Edda Kapsch, M.A. (Potsdam) - Curriculum Vitae
Selbstverstehen und das Problem der inneren Spannung des Selbst im Anschluss an Heidegger

Abstract

Die gegenwärtigen gesellschaftlichen Anforderungen an den Einzelnen, die Einzelne in unserer ‚westlichen’ Gesellschaft sind groß und wachsen beständig. Normierungen und notwendige Orientierung an gefestigten Traditionen scheinen zugunsten eines neuen Zwangs zu zurückzutreten, nämlich dem der Individualisierung. Die vielfach proklamierte, teils richtig, teils fraglich erscheinende zunehmende Freiheit des Individuums, sein eigenes Leben jenseits starrer Normen leben zu können, führt zur Popularität der Rede von der Vergrößerung des individuellen Handlungsspielraums, der Autonomie und der Eigenverantwortung bezogen etwa auf beruflichen Erfolg, Gesundheit, Partnerschaft, ja im Grunde bezogen auf das ganze Leben. Der Zwang bzw. die in der Soziologie oder der Sozialphilosophie häufig festgestellte Schwierigkeit besteht darin, eben diese behauptete Eigenverantwortlichkeit leben zu müssen: So wird von Individuen stets mehr Flexibilität, Entscheidungsfreude, Eigeninitiative und Kreativität verlangt, was nicht selten zu Überforderung des/der Einzelnen führt. Diesen Forderungen liegt im Grunde ein noch tiefergehenderer Anspruch am Individuum zugrunde, nämlich dem, eine Kenntnis von sich selbst, seinen charakterlichen Eigenheiten, seinen Wünschen und Fähigkeiten etc. zu besitzen. Dieser Anspruch dürfte parallel zum Wunsch des spätmodernen Menschen, sich in der Lebenswelt zu orientieren und ein möglichst ‚selbstbestimmtes’ Leben zu führen, verlaufen.

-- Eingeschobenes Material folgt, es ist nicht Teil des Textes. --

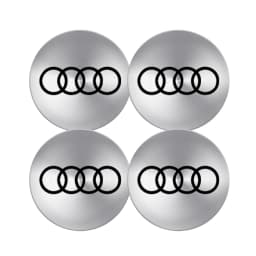4pcs 56/65mm Car-Wheel Center Hub Stickers 60/68mm Wheel Center Hub Caps For Audi S RS A3 A4 A1 A2 Auto Decoration Accessories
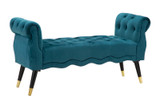 Klupica Paris Teal/Zlato Cm 120x40x60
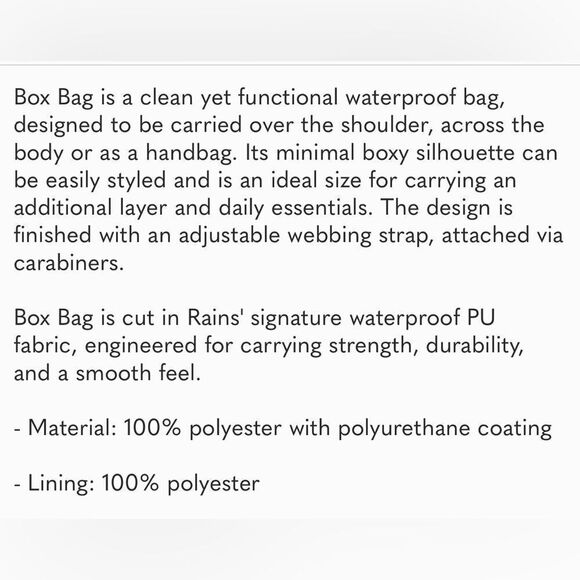 NWT RAINS Micro Box Bag Mini Crossbody Shoulder Bag Candy Pink Water Resistant - Picture 11 of 11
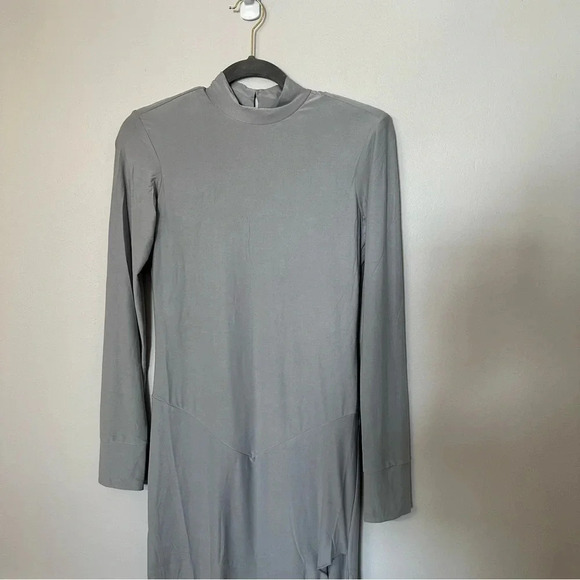 We Are HAH Southern Lady Silver Long Sleeve Open Back Midi Dress NWT - Picture 7 of 16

Nicht nur diesem Problem der Individualisierung geschuldet, drängt sich die in der zeitgenössischen Philosophie viel beachtete Frage nach dem Selbstverstehen auf. Ich möchte in meinem Vortrag ausgehend von Heideggers Sein und Zeit dem Phänomen des Selbstverstehens nachgehen und versuchen zu skizzieren, welchen Schwierigkeiten es unterliegt. Dies möchte ich in drei Schritten vollziehen.

Der erste Schritt soll verdeutlichen, dass und inwiefern der Mensch immer schon in Verstehensvollzügen lebt. Mit Heidegger lässt sich ausgehend von seinem praktischen Verstehensbegriff, seiner Bestimmung des „Daseins“ als „In-der-Welt-sein“ und ausgehend von der Sorgestruktur des Daseins bestimmen, dass und inwiefern der Mensch immer schon ein alltägliches, vortheoretisches und unthematisches Verständnis von sich und der Lebenswelt, in der er lebt, besitzt. Dieses Verstehen betitelt das „Aufgehen“ des Einzelnen/der Einzelnen in der Lebenswelt. Der Zusammenhang von Welt-, Fremd- und Selbstverstehen ist dabei heideggerintern wie für den Vortrag von besonderer Relevanz. Dieses passive Selbstverstehen möchte ich als ‚implizites Selbstverstehen’ bezeichnen. Es verläuft zumeist unproblematisch und stellt die Grundlage dar für die explizite, aktive Frage nach dem Verstehen des Selbst. Die Klärung dieser Grundlage soll die hermeneutische Struktur des Selbst verdeutlichen und gleichzeitig mitreflektieren, warum diese immer schon stattfindenden Verstehensvollzüge häufig nicht als solche erkannt werden und so zu Missverständnissen führen können.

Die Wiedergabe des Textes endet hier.